No pictures in the copy. Write out the listing below exactly.

DATA BLOCK:
____
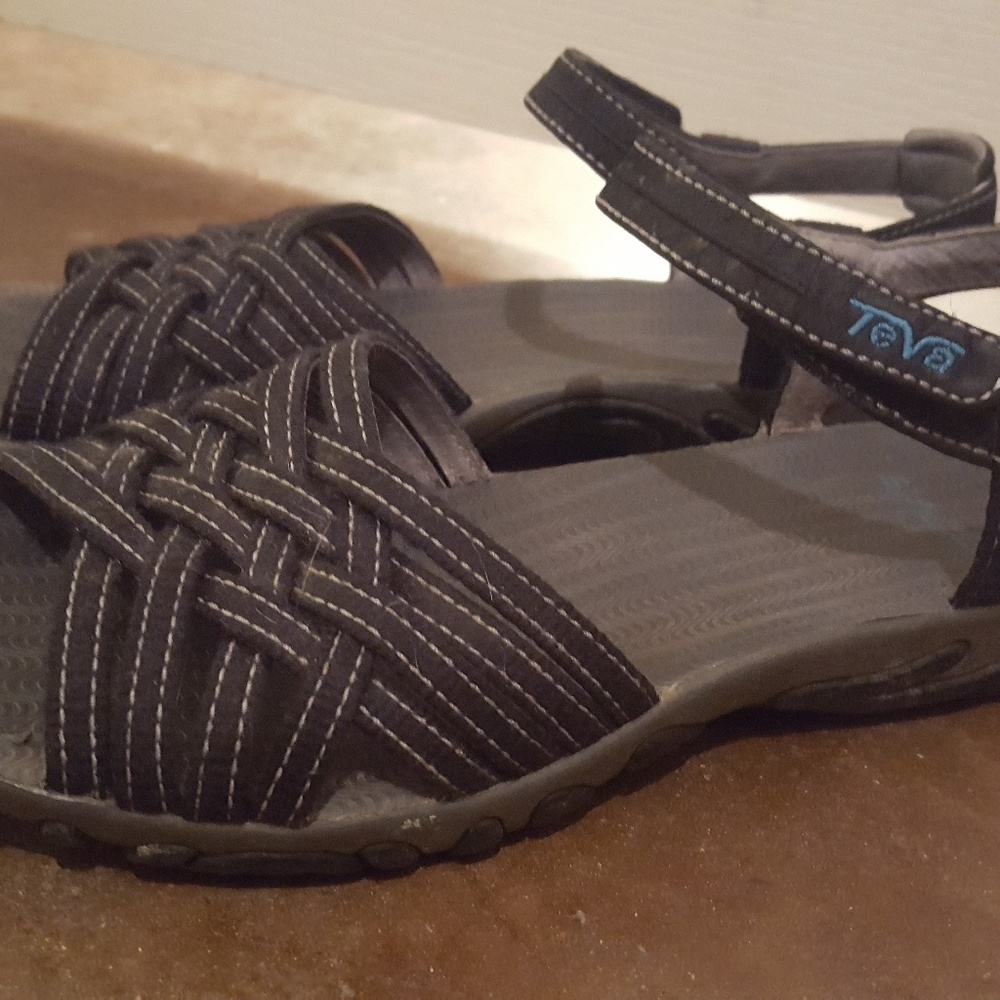 Unique Teva sandles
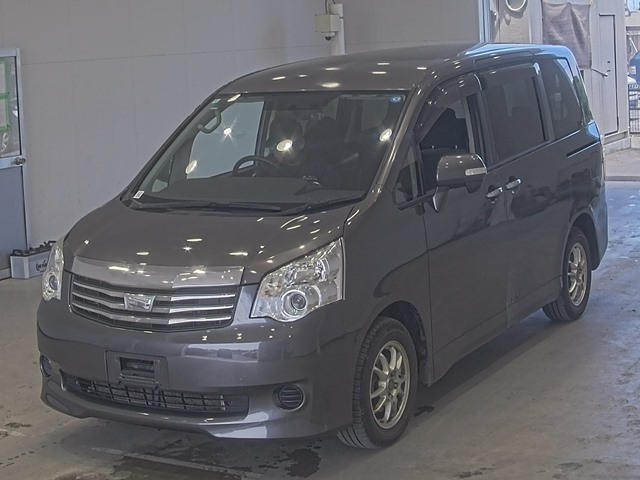 TOYOTA NOAH — фото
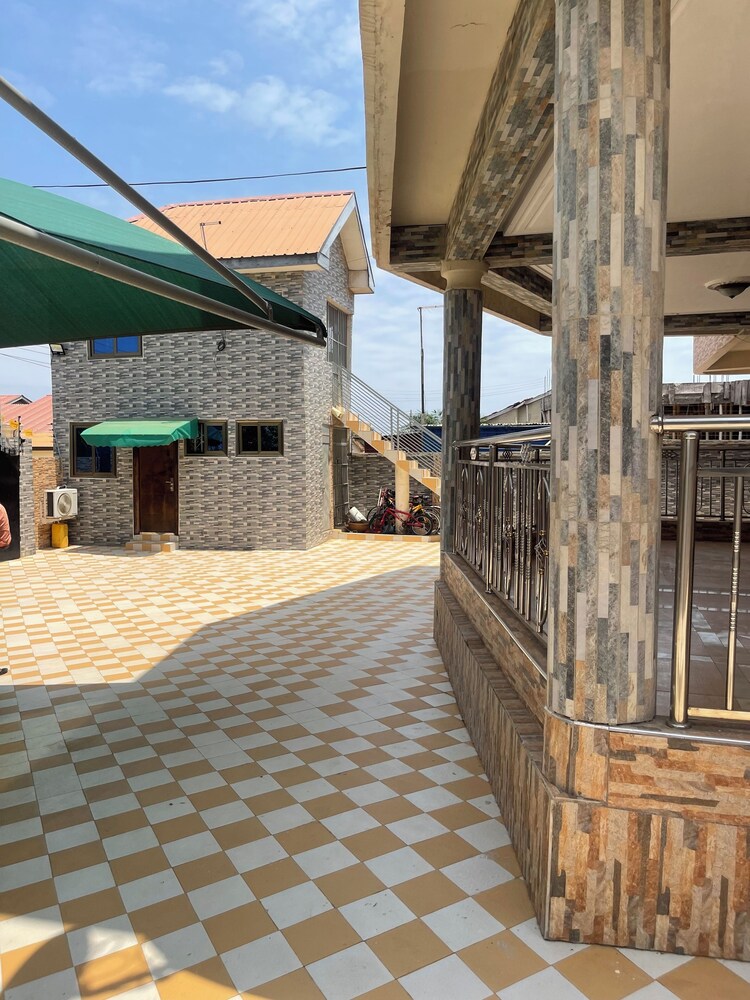 CRL Apartment 2, photo 16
____
RESULT FOR THIS EXERCISE:
 Unique Teva sandles
 TOYOTA NOAH — фото
 CRL Apartment 2, photo 16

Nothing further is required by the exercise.